2. Serendipity III Is Lame

The restaurant made famous because apparently celebrities like it, and because of the eponymous movie starring Kate Beckinsale and John Cusack. I get it, the “Frrrozen Hot Chocolate” the size of a Jacuzzi is fun. But it’s really like going to “Bubba Gump Shrimp” because there’s one in just about every major city, so it’s really not even that “New York.” (It’s true, Google it!) Plus the wait is absurd. Do you really need to wait two-and-a-half hours to sit next to a preteen couple on their third date, while you eat 5 spoonfuls of said Frrrozen Hot Chocolate just to end up feeling like you need to barf?
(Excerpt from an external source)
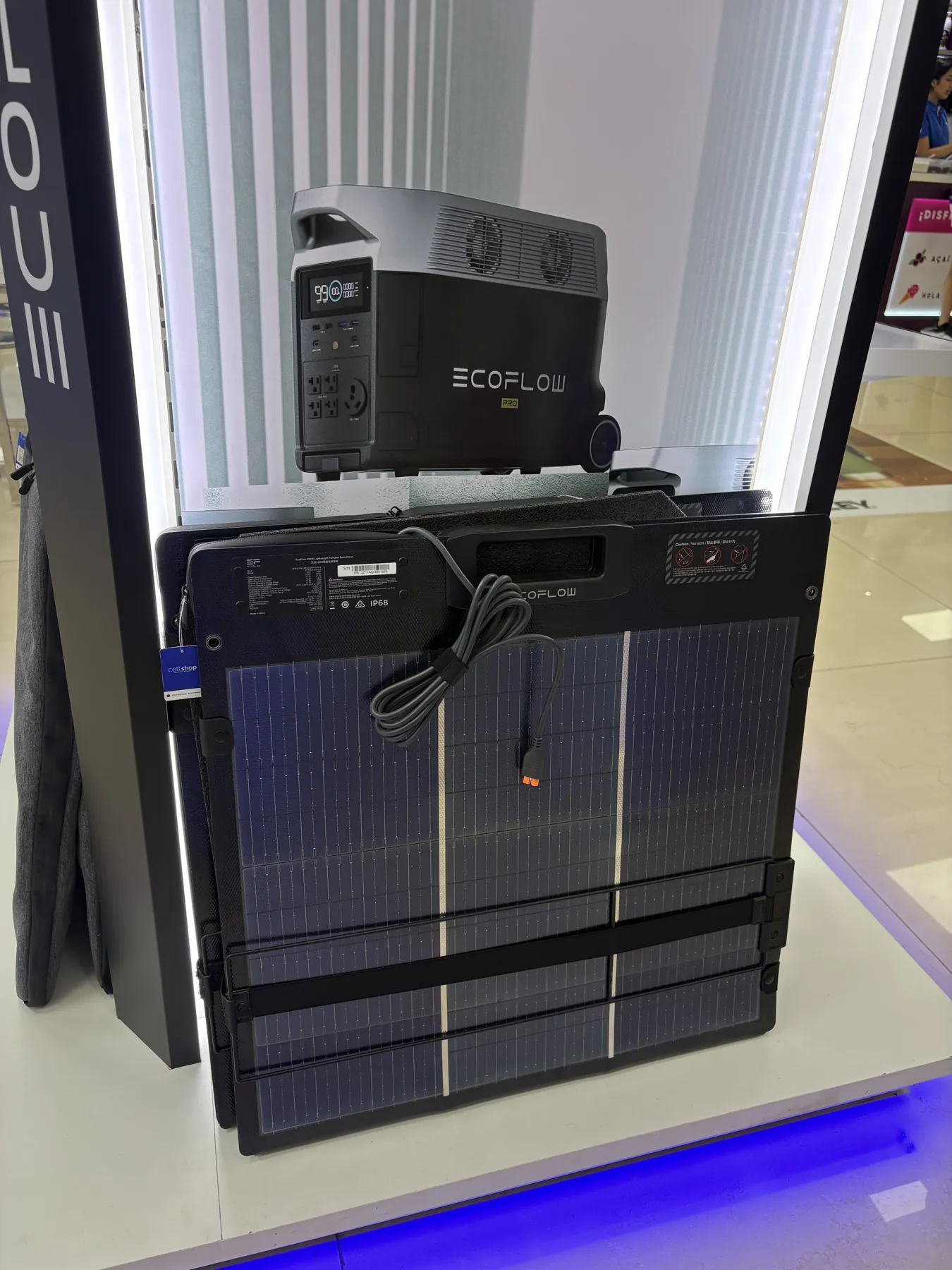 Exhibidor de EcoFlow con una estación DELTA y un panel solar portátil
Just get a slice of pizza and an Orange Crush. It’s really more authentic and probably healthier.

Oh, and remember in 2007 when it shut down for months because it failed a health code inspection after they found rats up in there? Is that really a place you want to buy that $1,000 sundae that’s “The Most Expensive Dessert In The World?” I’ll just grab a pint of Ben & Jerry’s “Chunky Monkey” and call it a day.


3. “Tiffany’s” Is Just Another Jewelry Store You Can’t Afford

Audrey Hepburn made millions of girls and women everywhere think that standing outside Tiffany’s holding a croissant and paper cup of coffee was just about the most romantic thing one could do in the city. Lemme tell you something. She only stood there long enough to house that croissant because it’s really not terribly exciting. This is one of those times you take a picture outside imitating Audrey, then you walk in, are super impressed, then spend 2 minutes realizing you could never afford anything in there. Then you go to the GAP as if they have different clothes than your local GAP in Waukesha.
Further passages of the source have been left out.